In other words, the required information is:

  • The identity of the data controller;
  • The identity of any representative nominated by the data controller; and
  • The purposes for which the data are intended to be processed (including the statement required by Reg 41(4)(b) above).

Complying with this requirement seems fairly straightforward when appointments are preceded with an engagement letter to the insolvent/MVL-seeker: the above information likely would feature in the engagement letter.

  • Is a bankrupt a “new customer”?

What if there is no engagement letter with the “customer”? Does this requirement still apply in bankruptcies, compulsory liquidations and creditor-led Administrations?

Who is the customer in a court or creditor-led process?
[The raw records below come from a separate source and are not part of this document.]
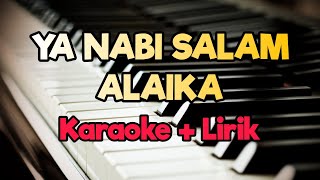 Karaoke Ya Nabi Salam Alaika  Karaoke  Lirik  Kualitas Jernih [upl. by Galvin293]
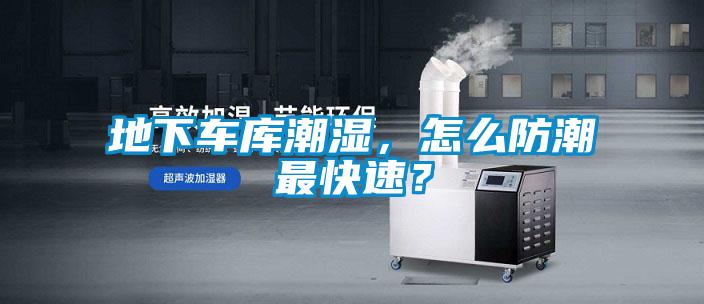 地下车库潮湿，怎么防潮最快速？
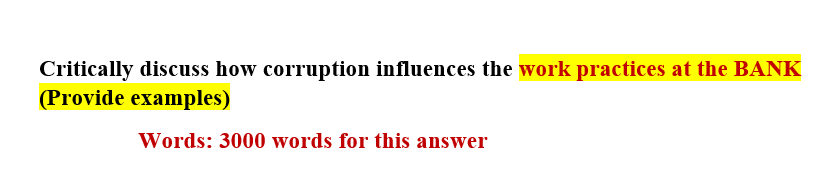 Critically discuss how corruption influences the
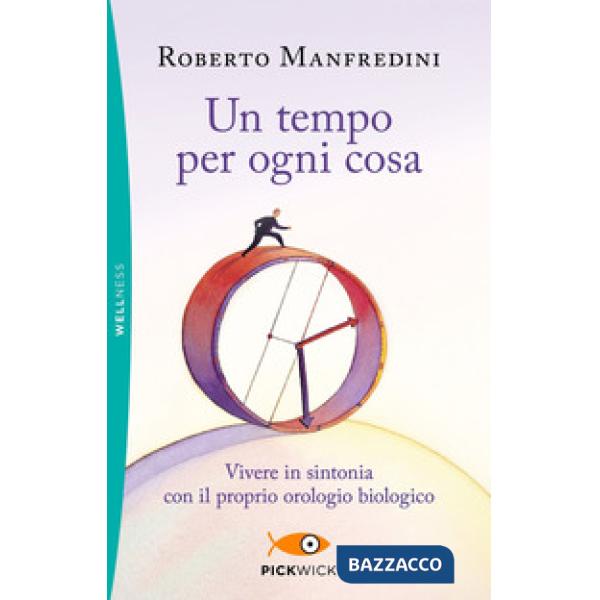 Tempo per ogni cosa. Vivere in sintonia con il proprio orologio biologico (Un)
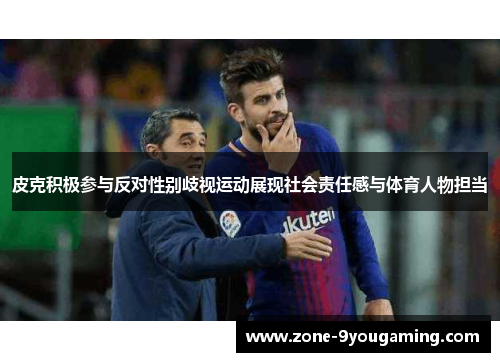 皮克积极参与反对性别歧视运动展现社会责任感与体育人物担当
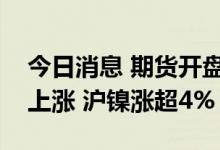 今日消息 期货开盘：国内商品期货开盘普遍上涨 沪镍涨超4%
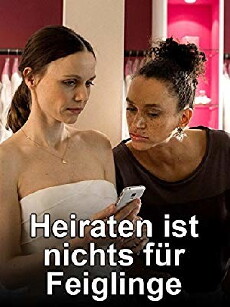 Heiraten ist nichts für Feiglinge (2015) - Stream Online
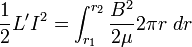 \ Frac {1} {2} L'I ^ 2 = \ {int_ r_1} ^ {r_2} \ frac {B ^ 2} {2 \ mu} 2 \ pi r ~ dr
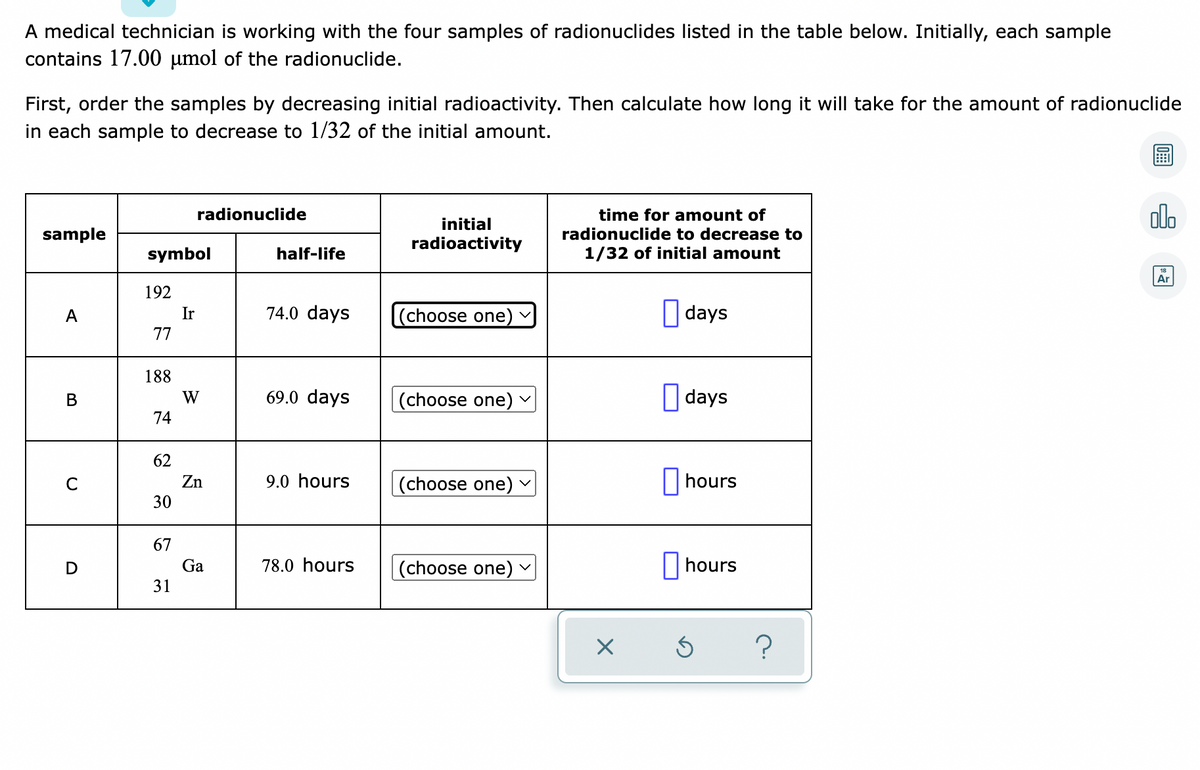 ### Radionuclide Half-Life Experiment

A medical technician is working with the four samples of radionuclides listed in the table below. Initially, each sample contains 17.00 μmol of the radionuclide.

First, order the samples by decreasing initial radioactivity. Then calculate how long it will take for the amount of radionuclide in each sample to decrease to 1/32 of the initial amount.

#### Table of Radionuclides

| Sample | Radionuclide | Symbol | Half-Life       | Initial Radioactivity | Time for Amount of Radionuclide to Decrease to 1/32 of Initial Amount |
|--------|--------------|--------|-----------------|-----------------------|----------------------------------------------------------------------|
| A      | Iridium      | \( \ce{{}^{192}_{77}Ir} \) | 74.0 days             | (choose one)           | _____ days                                                              |
| B      | Tungsten     | \( \ce{{}^{188}_{74}W} \) | 69.0 days             | (choose one)           | _____ days                                                              |
| C      | Zinc         | \( \ce{{}^{62}_{30}Zn} \) | 9.0 hours             | (choose one)           | _____ hours                                                             |
| D      | Gallium      | \( \ce{{}^{67}_{31}Ga} \) | 78.0 hours            | (choose one)           | _____ hours                                                             |

Note: Each sample contains an initial quantity of 17.00 μmol. The goal is to determine the time required for each radionuclide to decrease to 1/32 of its initial amount, and to sort the samples according to their initial radioactivity.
The old CCAB guidance states: “In the context of insolvency work, the person or entity entering into the business relationship is considered to be the insolvent.” Although I think this was generally accepted and just-about manageable for the MLR07, the shoe-horning of regulations designed for a client-provider relationship into an insolvency context becomes a little more painful with the MLR17.

Are we really expected to view a bankrupt as a “new customer” for the purposes of Reg 41(4)? Do we really need to provide them with the above information? I guess we can add the information to our on-appointment letters to insolvents, but we cannot write to them before establishing the business relationship, i.e. before being appointed as office holder, can we?

Ah but doesn’t the CCAB Guidance give us a back-stop guide of 5 working days after appointment to complete the due diligence? This is true, but this provision related to the timescale for completing the CDD in view of the fact that the MLR07 had stated that in some circumstances the due diligence could be completed as soon as practicable after first contact – a concession that is repeated in the MLR17 – but we’re not talking about the due diligence process here. The MLR17 do not provide an asarp exception to providing the above information before establishing the business relationship, so I cannot see a practical way for us to comply with Reg 41(4) in most court or creditor-led appointments.

 

Not written with IPs in mind

The MLR17 repeat their predecessor’s deficiency in demonstrating ignorance of the mechanisms of the insolvency regime. I have always objected to the assumption that the insolvent is an IP’s “customer”, especially when I remember that technically under the MLR07/17 an IP is only carrying out regulated activities when s/he is formally appointed. Further questions about the drafter’s knowledge came to my mind when I read the new definition of an IP in the MLR17: not only an individual, but also “any firm… who acts as an insolvency practitioner within the meaning of section 388 of the Insolvency Act 1986” – that would be a clever trick!

In my view, the MLRs’ concept of a “business relationship” also has never really worked: what “business relationship” does the IP form with the insolvent when s/he takes office? And the suggestion that an IP engages in an “occasional transaction” when s/he sells an insolvent’s assets is another cruelty on the English language: is it the insolvent or the IP that is carrying out the transaction? An “occasional transaction” is defined as “a transaction which is not carried out as part of a business relationship”, but the IP is considered to have a “business relationship” with the insolvent, so where does the asset sale fit in?

Is there no useful guidance for IPs? In my view, the CCAB Guidance touches on insolvency far too lightly and the Insolvency Service’s and R3’s Guidance notes are showing their age; both have the air of guidance written when the MLR07 were little more than theory. Let’s hope that we will one day receive some authoritative guidance that demonstrates a proper and practical understanding of how the MLR17 should be applied to the insolvency regime.